Actually, 2017 is the 40th anniversary of the most distraction-filled season in Steelers history.

Steelers fans might think the 2017 season has been loaded with distractions for their favorite football team, but in truth, 2017 is the 40th anniversary of the most distraction-packed season in franchise history. And 1977 also contained what arguably can be called the biggest distraction in NFL history.

But as for 1977 as a whole, there were holdouts and walkouts. Players demanded trades. Players were disciplined publicly and fined heavily by Commissioner Pete Rozelle. A rookie died in a car accident during training camp. Things started poorly and ended badly, and when it was time for the epilogue to be written, the 1977 Pittsburgh Steelers were dismissed as a bunch of washed-up malcontents who made the trip from greatness to mediocrity in a few short months.

Here’s a partial timeline of some of their tribulations:

* Feb. 21, 1977: Ernie Holmes’ trial for possession of 250 milligrams of cocaine ended in acquittal 75 minutes after it went to the jury in Amarillo, Texas.

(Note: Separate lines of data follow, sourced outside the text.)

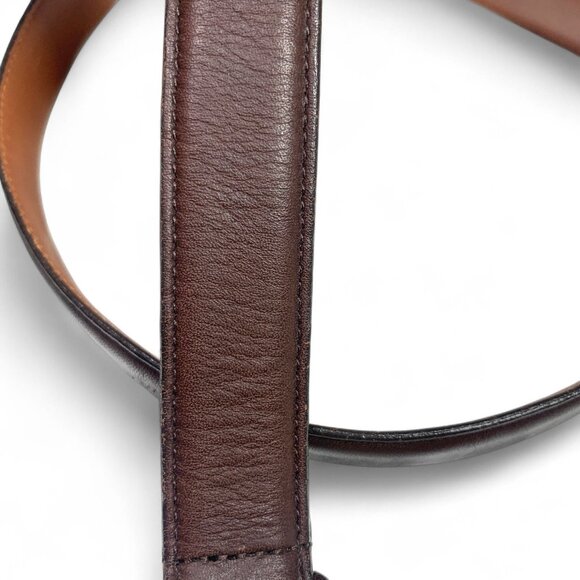 Coach Women's Mahogany Brown Leather Belt With Silver Buckle 3924 Size Large - Picture 5 of 6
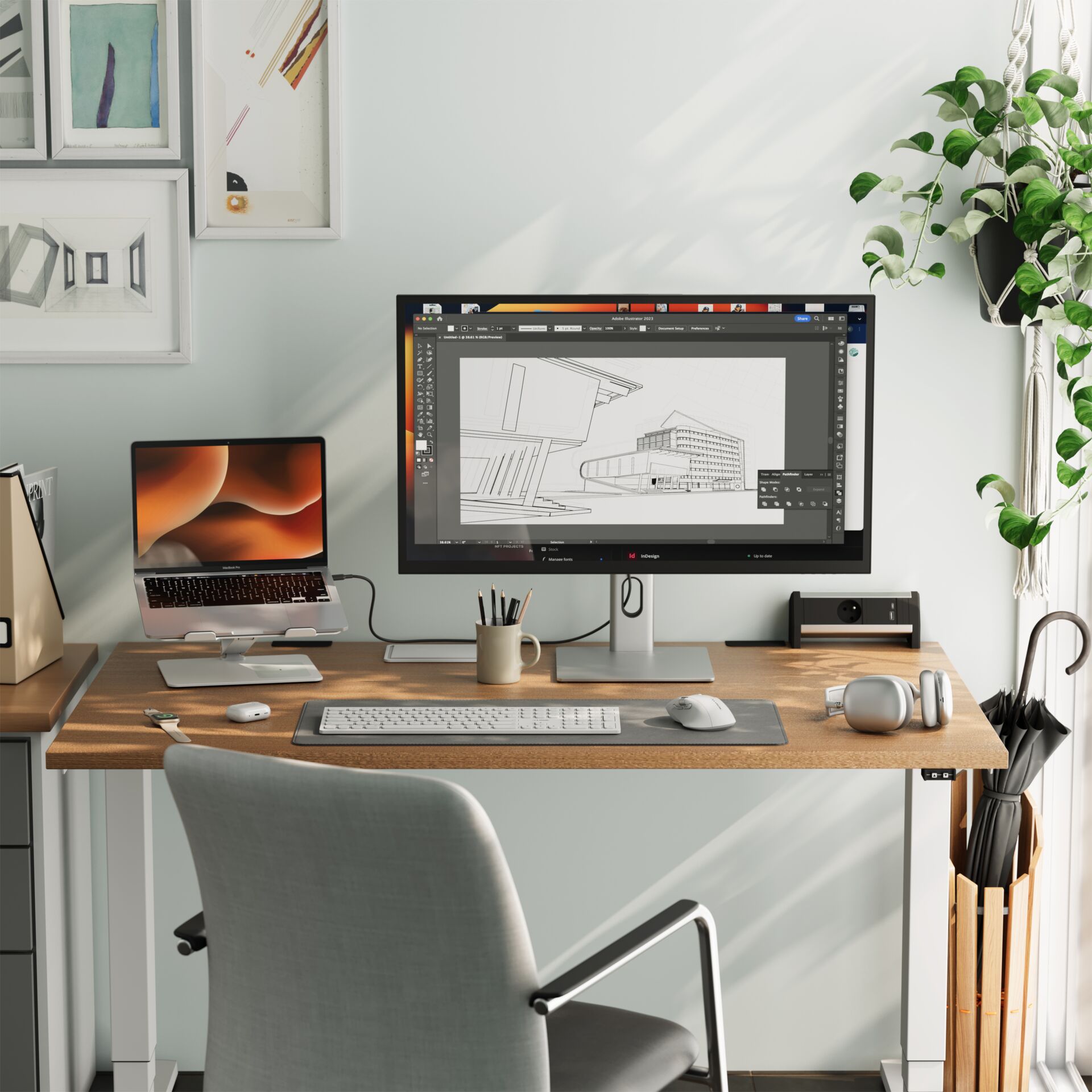 Moebel, Tabelle, Schreibtisch, Laptop, Computer-Tastatur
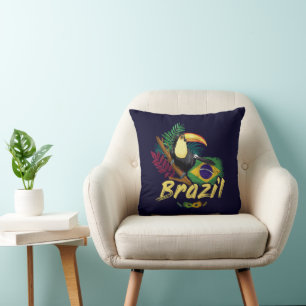 Almofada Brasil Vintage Toucan Bandeira Samba Souvenir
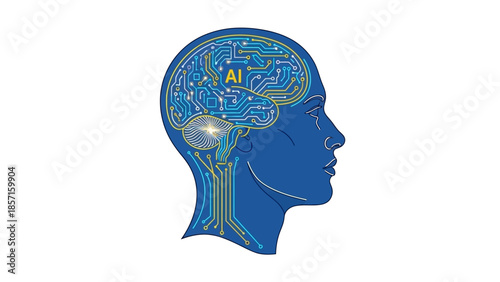 Conceptual illustration of advanced artificial intelligence integrated into the human mind, symbolizing cognitive technology and neural networks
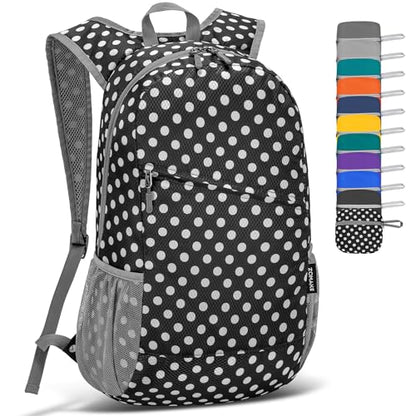 ZOMAKE Lightweight Packable Backpack 20L,Foldable Backpacks Small Daypack for Hiking Water Resistant Day Bag for Travel(Black, White Polka Dot) - color: Black, White Polka Dot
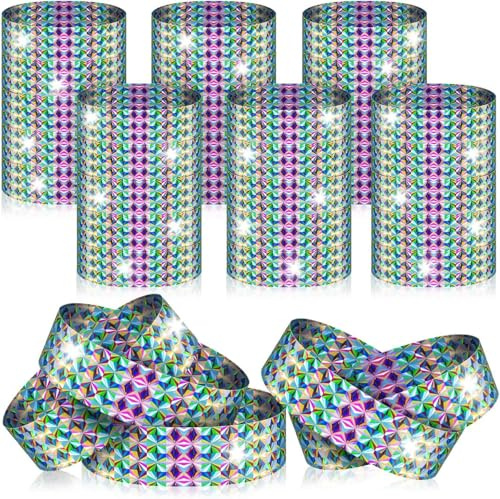 500 Pcs Neon Wrist Bands, Colourful Plastic Wristbands | Holographic Party Paper Wristbands for Water Parks Concerts Festivals Conferences Security Admission Events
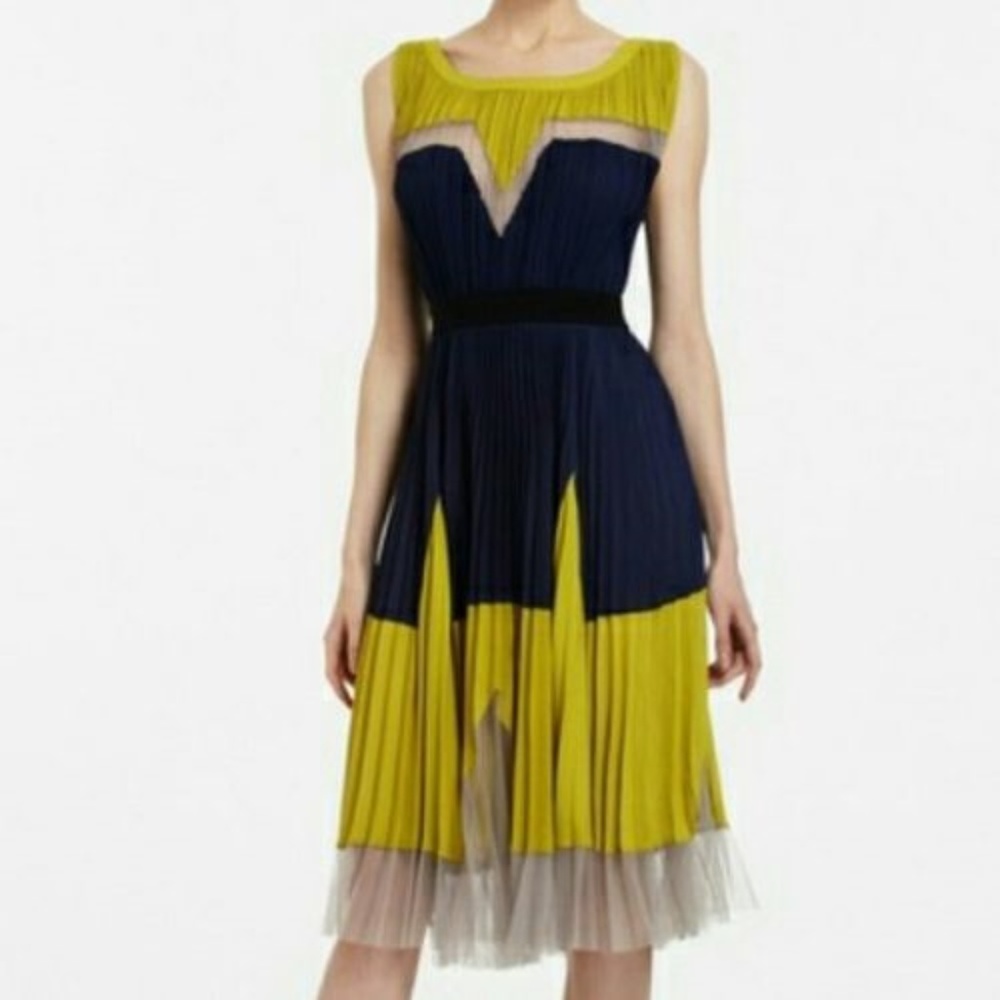 BCBG MaxAzria Lucea Blue Dill Pleated Dress 0 XS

* July 21, 1977: Jack Lambert decided not to report to training camp, because he was unhappy with the salary he was to be paid in the option year of the contract he originally signed in 1974 as a rookie from Kent State.

* July 22, 1977: Glen Edwards announced that he also was unhappy with his contract.

* July 28, 1977: Jack Lambert’s agent upped the ante a little bit, and this was the headline on the top of the sports page in the Pittsburgh Press: “Agent tells Rooney: Jack wants traded.”

* Late August 1977: Chuck Noll named the team’s captains for the upcoming season, and even this seemingly innocuous event became controversial. When word got to Lambert that he had been bypassed as a defensive captain, he voiced his disappointment publicly. Noll fired back in the media that Lambert didn’t deserve to be a captain because he held out all through training camp.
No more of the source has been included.